1. Even simple things like names can be used to discriminate
In Germany, migration background, religion and even the sound of a person’s name can affect their ability to find a job. Ironically, this can actually be an incentive for people of colour to found their own businesses, according to the Founderland report.
According to a 2018 report by Germany’s Federal Anti-Discrimination Agency, people with non-German-sounding names were 24% less likely than those with German names to be called for an interview.
18% of respondents surveyed for the same report said they were asked if German was their native language, and 15% said they were asked what their religious affiliation was.
"Many individuals in positions of power in Germany, predominantly white men, seem to have a lack of understanding and awareness of the issue of discrimination," says Stephanie von Behr, Founderland’s cofounder and managing director.
They often adopt a ‘colourblind’ approach, failing to recognise the multiple ways in which racism continues to permeate society.
“They often adopt a ‘colourblind’ approach, failing to recognise the multiple ways in which racism continues to permeate society. This lack of acknowledgement and engagement with the topic makes it a difficult and uncomfortable conversation to have, so they push it away,” she adds.
Avoiding these conversations is going to be a problem further down the line, von Behr reckons. Germany needs 400k migrant workers per year to make up for labour shortages.
“And if we don't have the vocabulary or the language or the skills to communicate with people who don't look exactly like us and have exactly the same background, we're going to have a bigger problem than we think,” she says.
2. Exclusive networks remain a significant obstacle for founders
The German startup scene is undeniably homogenous, with many of the top unicorn founders coming from the same, traditionally elite backgrounds — they attended a top-tier university and/or worked at a large, successful company in consulting or investment banking prior to founding.

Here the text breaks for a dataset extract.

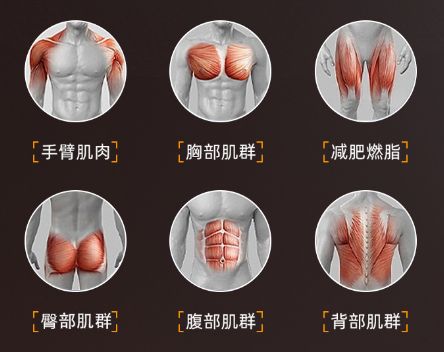 立式收腹机有效果吗_腰臀比_全身照VS自拍照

According to a 2021 study by the Deutscher Startup Monitor, 36.4% of startup cofounders met each other in university, 34.5% were friends already, 28.2% knew each other from a common previous employer and 23% met through a mutual connection.
These networks give founders a leg up which female entrepreneurs of colour, especially those from migrant backgrounds, are typically unable to access. One participant quoted in the Founderland’s study said that a VC told her that getting funded was all about getting warm intros.
“I was like, ‘to get a warm intro, you need to be a part of those circles, and being honest, most circles are still white German men,” she said. “I’m a Black queer working-class woman. I don’t understand how I’m going to get into those circles and get warm introductions.”
3. Hiring more diverse VCs needs to be part of the answer
Less than 0.5% of venture capital goes to women of colour globally — a figure that’s likely not much better in Europe.
More diversity needs to be brought in at VC level, especially among partners, says von Behr.
“Research shows that VCs invest in founders who have a similar socio-economic, educational, class, race, gender, sexuality profile and about 80% of VCs are white men,” she says.
Building a more equitable ecosystem would also involve VCs investing outside of "benchmark profiles", which typically include things like a founder's educational background, professional experience and personal networks, as well as the industry or market in which the startup operates.
Using these profiles helps investors make decisions about who to invest in and how much, but they can result in a lack of diversity in the startups selected for funding.